*WORK REQUEST*. Set down the full listing exactly, character for character.

*THE DATA*.
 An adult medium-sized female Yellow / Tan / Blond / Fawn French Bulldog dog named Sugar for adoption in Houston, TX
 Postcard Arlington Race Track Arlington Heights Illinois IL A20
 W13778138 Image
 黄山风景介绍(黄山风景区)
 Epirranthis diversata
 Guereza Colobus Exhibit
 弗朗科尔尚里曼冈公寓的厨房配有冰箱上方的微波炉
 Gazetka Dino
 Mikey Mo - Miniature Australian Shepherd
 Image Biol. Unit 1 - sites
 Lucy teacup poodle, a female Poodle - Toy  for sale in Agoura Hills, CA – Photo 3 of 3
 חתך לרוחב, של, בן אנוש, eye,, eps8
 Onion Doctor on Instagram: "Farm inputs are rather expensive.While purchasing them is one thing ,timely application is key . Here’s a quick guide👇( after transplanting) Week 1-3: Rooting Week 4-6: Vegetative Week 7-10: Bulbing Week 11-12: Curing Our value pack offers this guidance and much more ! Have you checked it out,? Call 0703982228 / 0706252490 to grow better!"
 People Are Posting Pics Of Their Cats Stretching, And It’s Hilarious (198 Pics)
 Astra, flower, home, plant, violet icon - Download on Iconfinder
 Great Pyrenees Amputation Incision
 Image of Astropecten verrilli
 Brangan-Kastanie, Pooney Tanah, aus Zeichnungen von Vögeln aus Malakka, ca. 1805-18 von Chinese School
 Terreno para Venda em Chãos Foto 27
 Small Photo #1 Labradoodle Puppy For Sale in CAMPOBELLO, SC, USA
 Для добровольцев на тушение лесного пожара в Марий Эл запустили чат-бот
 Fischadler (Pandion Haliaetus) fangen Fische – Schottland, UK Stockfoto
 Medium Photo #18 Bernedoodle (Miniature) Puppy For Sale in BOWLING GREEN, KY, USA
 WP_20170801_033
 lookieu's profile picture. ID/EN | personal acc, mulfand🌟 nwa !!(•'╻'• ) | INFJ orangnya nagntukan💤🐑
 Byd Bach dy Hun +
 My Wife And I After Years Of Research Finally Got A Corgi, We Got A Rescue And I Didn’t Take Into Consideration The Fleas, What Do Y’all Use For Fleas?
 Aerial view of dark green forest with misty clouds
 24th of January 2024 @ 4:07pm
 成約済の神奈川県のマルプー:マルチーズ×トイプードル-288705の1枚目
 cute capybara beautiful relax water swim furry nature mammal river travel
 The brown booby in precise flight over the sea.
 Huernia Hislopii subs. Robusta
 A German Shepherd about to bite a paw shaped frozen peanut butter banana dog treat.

*RESULT FOR THIS EXERCISE*.
 An adult medium-sized female Yellow / Tan / Blond / Fawn French Bulldog dog named Sugar for adoption in Houston, TX
 Postcard Arlington Race Track Arlington Heights Illinois IL A20
 W13778138 Image
 黄山风景介绍(黄山风景区)
 Epirranthis diversata
 Guereza Colobus Exhibit
 弗朗科尔尚里曼冈公寓的厨房配有冰箱上方的微波炉
 Gazetka Dino
 Mikey Mo - Miniature Australian Shepherd
 Image Biol. Unit 1 - sites
 Lucy teacup poodle, a female Poodle - Toy  for sale in Agoura Hills, CA – Photo 3 of 3
 חתך לרוחב, של, בן אנוש, eye,, eps8
 Onion Doctor on Instagram: "Farm inputs are rather expensive.While purchasing them is one thing ,timely application is key . Here’s a quick guide👇( after transplanting) Week 1-3: Rooting Week 4-6: Vegetative Week 7-10: Bulbing Week 11-12: Curing Our value pack offers this guidance and much more ! Have you checked it out,? Call 0703982228 / 0706252490 to grow better!"
 People Are Posting Pics Of Their Cats Stretching, And It’s Hilarious (198 Pics)
 Astra, flower, home, plant, violet icon - Download on Iconfinder
 Great Pyrenees Amputation Incision
 Image of Astropecten verrilli
 Brangan-Kastanie, Pooney Tanah, aus Zeichnungen von Vögeln aus Malakka, ca. 1805-18 von Chinese School
 Terreno para Venda em Chãos Foto 27
 Small Photo #1 Labradoodle Puppy For Sale in CAMPOBELLO, SC, USA
 Для добровольцев на тушение лесного пожара в Марий Эл запустили чат-бот
 Fischadler (Pandion Haliaetus) fangen Fische – Schottland, UK Stockfoto
 Medium Photo #18 Bernedoodle (Miniature) Puppy For Sale in BOWLING GREEN, KY, USA
 WP_20170801_033
 lookieu's profile picture. ID/EN | personal acc, mulfand🌟 nwa !!(•'╻'• ) | INFJ orangnya nagntukan💤🐑
 Byd Bach dy Hun +
 My Wife And I After Years Of Research Finally Got A Corgi, We Got A Rescue And I Didn’t Take Into Consideration The Fleas, What Do Y’all Use For Fleas?
 Aerial view of dark green forest with misty clouds
 24th of January 2024 @ 4:07pm
 成約済の神奈川県のマルプー:マルチーズ×トイプードル-288705の1枚目
 cute capybara beautiful relax water swim furry nature mammal river travel
 The brown booby in precise flight over the sea.
 Huernia Hislopii subs. Robusta
 A German Shepherd about to bite a paw shaped frozen peanut butter banana dog treat.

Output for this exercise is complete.